Dalam Artikel Ini:

Ketika menandatangani janji untuk menjual, pembeli memberi penjual sejumlah uang: Tunjangan imobilisasi. Tetapi bisakah penjual segera membuang uang ini? Dan apa yang terjadi jika penjualan tidak dilakukan?

Janji penjualan dan uang pesangon

Janji penjualan sepihak adalah kontrak awal dimana penjual real estat (The Promising) memberikan untuk jangka waktu tertentu kepada pembeli (penerima manfaat) hak untuk memperoleh atau tidak properti. Selama periode ini, penjual tidak dapat menawarkan propertinya untuk dijual. Sebagai imbalan atas eksklusivitas ini, ia menerima sejumlah uang yang mewakili secara umum 10% dari harga total properti.
Pada saat penyelesaian penjualan, jumlah tunjangan imobilisasi dikurangkan dari harga total properti.

Siapa yang menerima tunjangan imobilisasi?

Sebagai aturan umum, notaris, agen real estat atau pengacara yang menerima tunjangan imobilisasi pada saat menandatangani janji penjualan. Jumlah yang tersisa diasingkan hingga saat realisasi penjualan.

Dalam kasus yang sangat langka di mana tanda tangan dari janji untuk menjual dibuat di bawah segel pribadi dan tanpa bantuan seorang profesional yang dilindungi oleh jaminan keuangan untuk penggantian dana yang disetor (notaris, agen real estat atau pengacara), penjual dapat menerima tunjangan imobilisasi sebelum akhir periode penarikan wajib hukum 10 hari. Janji untuk menjual kemudian disimpulkan dengan syarat preseden pembayaran tunjangan imobilisasi pada tanggal tertentu.

Apa yang terjadi pada manfaat imobilisasi jika pembeli tidak mengabaikan opsi panggilan?

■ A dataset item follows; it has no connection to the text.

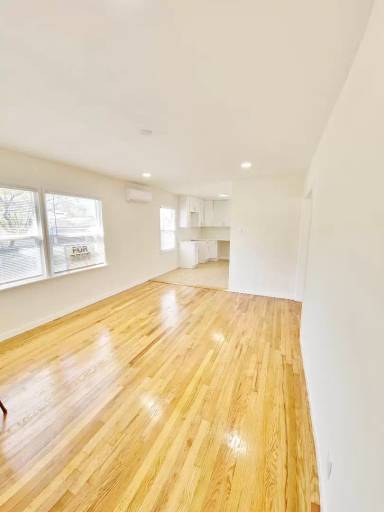 Main picture of 9438 S Manhattan Pl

Jika penjualan tidak dilakukan, ganti rugi imobilisasi sesuai dengan kasus, tetap diperoleh dengan penjual atau dikembalikan ke pembeli:

  • Jika pembeli menolak untuk membeli selama periode hukum penarikan 10 hari: Pembeli memulihkan seluruh ganti rugi imobilisasi bahwa dia membayar.
  • Jika pembeli menyerah membeli selama periode yang ditentukan oleh janji penjualan: Pembeli mengembalikan seluruh tunjangan imobilisasi yang dia bayar.
  • Jika pembeli menolak untuk membeli di luar periode yang ditentukan oleh janji penjualan: Penjual mempertahankan semua tunjangan imobilisasi yang telah ia bayarkan kecuali pembeli dibenarkan oleh tidak terwujudnya suatu preseden kondisi yang ditetapkan dalam kontrak (Tidak memperoleh pinjaman, asuransi, dll.). Dalam hal ini, ia memulihkan jumlah tunjangan imobilisasi.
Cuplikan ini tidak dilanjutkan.